For Unit 2, as stated in Section B.3, the risk from internal flooding alone resulted in an SDP result of Yellow. In the context of a sensitivity analysis, the NRC applied an overly optimistic failure probability of 10 percent for the service water mitigation strategy for internal flooding, as well as overly optimistic failure probabilities for external flooding mitigation strategies as described in Sections B.1, B.2.a, and B.2.c. The SDP result for this Unit 2 sensitivity analysis remained Yellow.

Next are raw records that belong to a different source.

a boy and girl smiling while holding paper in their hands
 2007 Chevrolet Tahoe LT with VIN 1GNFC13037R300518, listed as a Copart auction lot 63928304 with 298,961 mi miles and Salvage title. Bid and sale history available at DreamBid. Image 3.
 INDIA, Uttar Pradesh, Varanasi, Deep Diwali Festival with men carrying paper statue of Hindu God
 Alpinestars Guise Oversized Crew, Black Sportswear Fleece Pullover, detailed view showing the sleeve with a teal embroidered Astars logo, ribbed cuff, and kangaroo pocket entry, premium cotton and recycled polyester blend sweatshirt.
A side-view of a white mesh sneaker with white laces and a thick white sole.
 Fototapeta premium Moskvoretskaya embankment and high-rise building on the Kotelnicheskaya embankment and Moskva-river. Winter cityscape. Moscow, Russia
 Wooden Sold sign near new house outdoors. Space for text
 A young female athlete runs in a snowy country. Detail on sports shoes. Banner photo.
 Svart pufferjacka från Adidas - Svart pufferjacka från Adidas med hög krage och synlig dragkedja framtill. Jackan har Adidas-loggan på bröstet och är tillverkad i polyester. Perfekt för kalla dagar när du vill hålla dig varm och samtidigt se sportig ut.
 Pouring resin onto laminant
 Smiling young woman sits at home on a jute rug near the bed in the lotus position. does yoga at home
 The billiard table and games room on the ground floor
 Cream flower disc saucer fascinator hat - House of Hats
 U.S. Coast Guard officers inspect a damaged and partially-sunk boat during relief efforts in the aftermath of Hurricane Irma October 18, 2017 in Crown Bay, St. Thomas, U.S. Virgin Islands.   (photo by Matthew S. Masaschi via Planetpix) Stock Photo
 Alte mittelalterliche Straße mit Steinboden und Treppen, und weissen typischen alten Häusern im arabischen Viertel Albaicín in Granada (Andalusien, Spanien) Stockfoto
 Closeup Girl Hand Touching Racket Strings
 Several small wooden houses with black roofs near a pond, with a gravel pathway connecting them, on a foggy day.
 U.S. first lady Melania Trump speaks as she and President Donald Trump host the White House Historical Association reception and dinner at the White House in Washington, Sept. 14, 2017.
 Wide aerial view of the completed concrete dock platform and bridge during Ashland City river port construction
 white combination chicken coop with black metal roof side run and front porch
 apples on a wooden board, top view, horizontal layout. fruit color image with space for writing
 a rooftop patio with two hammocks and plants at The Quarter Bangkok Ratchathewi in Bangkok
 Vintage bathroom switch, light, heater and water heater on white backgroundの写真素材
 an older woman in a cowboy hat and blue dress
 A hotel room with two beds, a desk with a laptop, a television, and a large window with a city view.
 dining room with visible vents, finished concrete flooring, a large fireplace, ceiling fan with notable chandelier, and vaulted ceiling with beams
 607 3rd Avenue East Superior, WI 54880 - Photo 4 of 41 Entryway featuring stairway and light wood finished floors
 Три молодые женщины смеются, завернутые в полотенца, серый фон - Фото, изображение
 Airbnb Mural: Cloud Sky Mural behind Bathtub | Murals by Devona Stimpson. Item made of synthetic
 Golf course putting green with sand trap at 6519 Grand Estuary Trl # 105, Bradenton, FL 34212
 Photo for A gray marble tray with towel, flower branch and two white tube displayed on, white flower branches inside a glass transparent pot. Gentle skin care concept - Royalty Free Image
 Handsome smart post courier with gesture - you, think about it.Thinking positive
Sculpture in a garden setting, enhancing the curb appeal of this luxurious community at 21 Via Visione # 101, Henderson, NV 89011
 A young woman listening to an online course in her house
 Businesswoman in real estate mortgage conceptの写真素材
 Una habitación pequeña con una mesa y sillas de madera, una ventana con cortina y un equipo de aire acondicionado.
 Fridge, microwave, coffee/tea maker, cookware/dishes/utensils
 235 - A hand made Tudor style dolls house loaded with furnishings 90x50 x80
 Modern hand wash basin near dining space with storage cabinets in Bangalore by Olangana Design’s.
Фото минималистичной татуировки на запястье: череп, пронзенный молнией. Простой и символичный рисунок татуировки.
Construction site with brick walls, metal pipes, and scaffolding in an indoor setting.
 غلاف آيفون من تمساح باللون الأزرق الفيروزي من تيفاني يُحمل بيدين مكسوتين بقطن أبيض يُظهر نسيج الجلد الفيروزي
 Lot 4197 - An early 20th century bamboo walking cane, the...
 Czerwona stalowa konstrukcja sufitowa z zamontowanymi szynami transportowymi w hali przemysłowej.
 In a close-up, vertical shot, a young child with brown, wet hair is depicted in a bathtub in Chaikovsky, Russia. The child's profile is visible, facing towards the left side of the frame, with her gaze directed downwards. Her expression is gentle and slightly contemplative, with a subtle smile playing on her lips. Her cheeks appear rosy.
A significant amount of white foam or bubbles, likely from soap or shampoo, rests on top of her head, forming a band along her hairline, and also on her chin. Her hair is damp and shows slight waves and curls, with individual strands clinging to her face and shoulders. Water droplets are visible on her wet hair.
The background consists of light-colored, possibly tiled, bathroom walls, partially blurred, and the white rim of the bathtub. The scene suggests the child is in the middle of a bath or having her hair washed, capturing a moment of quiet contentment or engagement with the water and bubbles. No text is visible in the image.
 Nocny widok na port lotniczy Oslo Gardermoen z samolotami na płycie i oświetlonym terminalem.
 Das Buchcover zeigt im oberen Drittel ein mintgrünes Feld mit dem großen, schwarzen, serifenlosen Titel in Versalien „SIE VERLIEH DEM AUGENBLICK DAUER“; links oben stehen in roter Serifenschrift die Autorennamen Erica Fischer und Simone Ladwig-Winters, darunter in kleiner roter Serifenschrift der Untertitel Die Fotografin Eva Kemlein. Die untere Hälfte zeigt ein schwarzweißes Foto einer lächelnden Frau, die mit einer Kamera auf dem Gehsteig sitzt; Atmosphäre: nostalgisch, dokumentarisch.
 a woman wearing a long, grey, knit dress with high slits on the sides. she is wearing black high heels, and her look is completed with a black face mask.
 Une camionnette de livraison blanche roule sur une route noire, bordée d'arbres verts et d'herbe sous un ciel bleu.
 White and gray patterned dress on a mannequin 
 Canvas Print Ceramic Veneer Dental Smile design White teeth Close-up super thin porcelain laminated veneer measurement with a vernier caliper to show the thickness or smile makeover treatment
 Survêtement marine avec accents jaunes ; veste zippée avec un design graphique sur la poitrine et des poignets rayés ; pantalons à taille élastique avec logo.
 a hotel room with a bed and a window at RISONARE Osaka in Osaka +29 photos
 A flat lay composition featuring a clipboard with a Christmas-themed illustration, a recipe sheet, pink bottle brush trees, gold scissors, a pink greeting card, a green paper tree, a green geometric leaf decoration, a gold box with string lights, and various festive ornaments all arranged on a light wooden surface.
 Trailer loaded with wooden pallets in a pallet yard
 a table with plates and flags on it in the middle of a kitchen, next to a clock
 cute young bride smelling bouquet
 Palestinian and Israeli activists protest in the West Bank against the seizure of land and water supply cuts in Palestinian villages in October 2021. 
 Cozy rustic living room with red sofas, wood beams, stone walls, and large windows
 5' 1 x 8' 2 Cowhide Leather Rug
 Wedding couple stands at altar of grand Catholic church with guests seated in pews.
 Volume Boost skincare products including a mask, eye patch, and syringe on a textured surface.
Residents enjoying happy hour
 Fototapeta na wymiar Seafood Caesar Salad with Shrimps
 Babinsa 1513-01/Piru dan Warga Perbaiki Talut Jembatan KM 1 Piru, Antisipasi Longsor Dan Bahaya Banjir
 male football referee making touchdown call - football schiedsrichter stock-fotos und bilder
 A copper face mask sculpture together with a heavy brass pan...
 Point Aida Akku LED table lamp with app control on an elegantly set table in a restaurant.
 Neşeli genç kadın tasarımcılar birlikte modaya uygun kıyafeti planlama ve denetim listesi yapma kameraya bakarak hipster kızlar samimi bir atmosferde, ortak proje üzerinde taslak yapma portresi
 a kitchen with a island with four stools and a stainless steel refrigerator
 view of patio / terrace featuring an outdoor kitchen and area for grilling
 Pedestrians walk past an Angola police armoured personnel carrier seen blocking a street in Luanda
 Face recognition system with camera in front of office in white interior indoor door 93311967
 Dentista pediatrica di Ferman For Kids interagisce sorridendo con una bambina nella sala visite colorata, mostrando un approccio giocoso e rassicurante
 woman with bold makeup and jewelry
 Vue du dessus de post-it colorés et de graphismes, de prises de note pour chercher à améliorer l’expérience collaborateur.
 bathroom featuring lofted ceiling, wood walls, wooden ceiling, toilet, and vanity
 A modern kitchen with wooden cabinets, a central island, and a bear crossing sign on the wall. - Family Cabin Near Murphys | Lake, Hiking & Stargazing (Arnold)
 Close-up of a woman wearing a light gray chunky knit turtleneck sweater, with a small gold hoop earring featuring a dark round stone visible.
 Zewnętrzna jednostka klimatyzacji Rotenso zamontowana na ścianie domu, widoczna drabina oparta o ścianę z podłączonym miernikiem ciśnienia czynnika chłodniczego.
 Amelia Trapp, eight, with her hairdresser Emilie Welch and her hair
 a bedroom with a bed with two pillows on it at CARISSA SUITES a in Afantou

Given the current lack of confidence in a definitive approach to establish initiating event frequency best estimates for consideration in extreme flooding events, IMC 0609 Appendix M provides the appropriate method for determining the final significance. Notwithstanding, the quantitative analysis described above was conducted to provide risk insights to the Appendix M qualitative assessment. As described in the NRCs preliminary risk determination letter, Appendix M specifies that a bounding, i.e., worst case, analysis should be conducted using the best available information, followed by the consideration of appropriate qualitative factors in determining the significance of the associated finding. With respect to the bounding analysis, the NRC determined that the upper bound AEP was less than 1x10-4/year, therefore, the upper bound risk assessment per Appendix M is Yellow.

With respect to the consideration of appropriate qualitative factors in determining the significance of the associated finding, the NRCs assessment of those qualitative factors and corresponding results, are described in Section A.1-8. In summary, for Unit 2, the significant additional risk contribution due to internal flooding and limited credit for external flooding mitigation and recovery strategies, results in a final significance determination of Yellow. For Unit 1, the risk profile is less severe than for Unit 2, both in the failure probability of the portable pump mitigation strategy and the contribution from internal flooding. However, based primarily on flood frequency uncertainties and the lack of long-term recovery actions for restoration of the reactor coolant inventory control function and the containment pressure control function, the NRC determined that a final significance determination of Yellow was appropriate for Unit 1.